The agency has also affirmed RIL's long-term local-currency IDR at 'BBB+' with a stable outlook.

The upgrade is driven by Fitch's expectation that RIL's hard-currency (HC) external debt-service ratio will remain at above 1.0x over the next 12 months. Fitch's non-financial corporates exceeding the country ceiling rating criteria states that a company with a ratio of above 1.0x over at least 12 months can be rated one-notch above the country ceiling. India's Country Ceiling is 'BBB-'.

The negative outlook reflects the outlook on India's sovereign rating (BBB-/negative); should the sovereign IDRs be downgraded, the country ceiling may be revised down in tandem. This would constrain RIL's foreign-currency IDR to one notch above the country ceiling.

RIL's local-currency IDR reflects the company's strong business profile, with market leading positions and diversified cash flow from a mix of oil to chemical (O2C) and consumer businesses, as well as lower net leverage.

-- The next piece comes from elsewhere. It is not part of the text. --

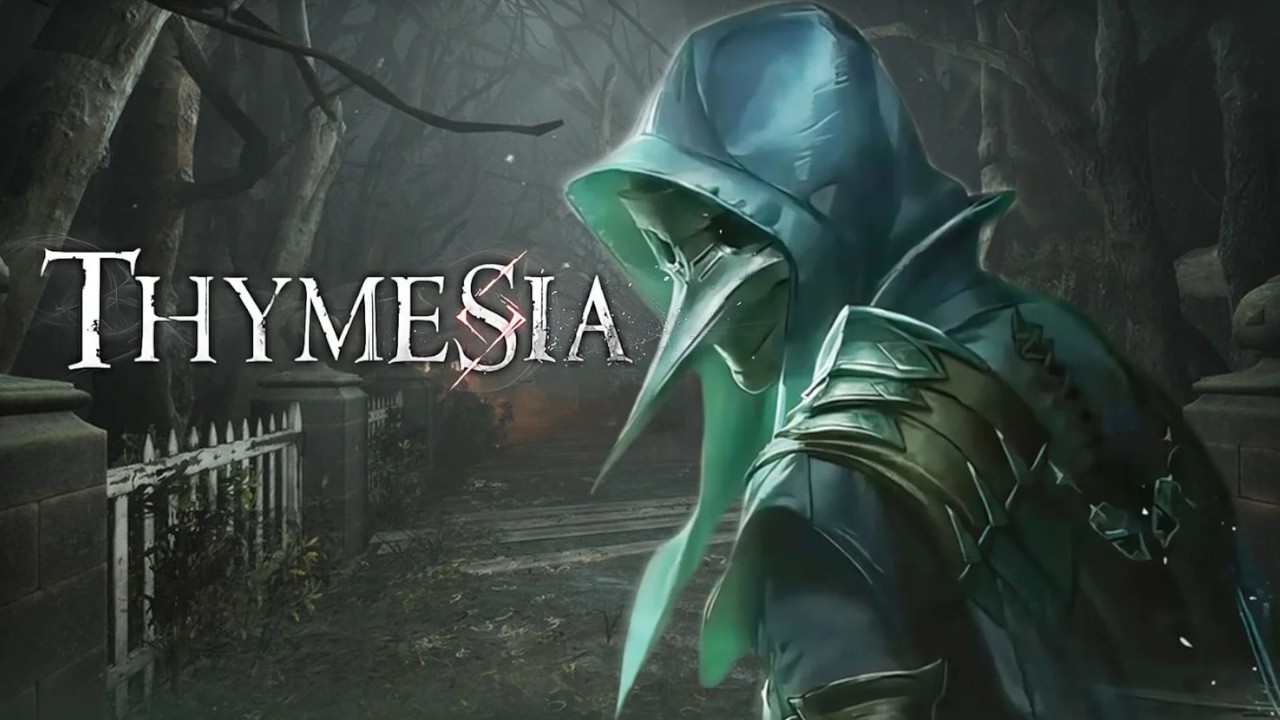 I Believe Ive Made a Mistake (Thymesia)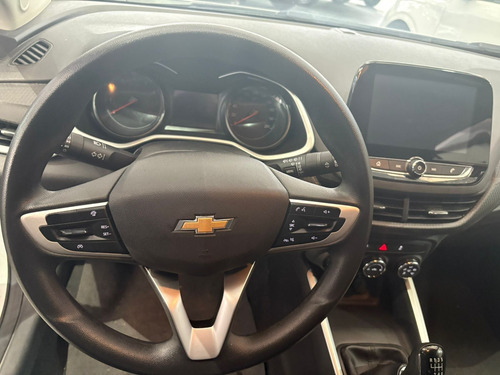 Chevrolet Onix HATCH LT 1.0 12V Flex 5p Mec.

Fitch Ratings expects RIL's HC external debt-service ratio to remain above 1.0x over the next 12 to 18 months. The stronger ratio is driven by a 36% reduction in foreign-currency borrowings outside India following pre-payments of USD7.8 billion in the financial year ending March 2021 (FY21). This was achieved using part of the proceeds from the stake sales of digital-service and retail subsidiaries as well as a rights issue.

Fitch expects RIL's EBITDA to increase to around Rs 1.1 trillion in FY22, supported by a recovery in petrochemical spreads, transportation fuel cracks, higher refining throughput and a continued rise in digital services EBITDA.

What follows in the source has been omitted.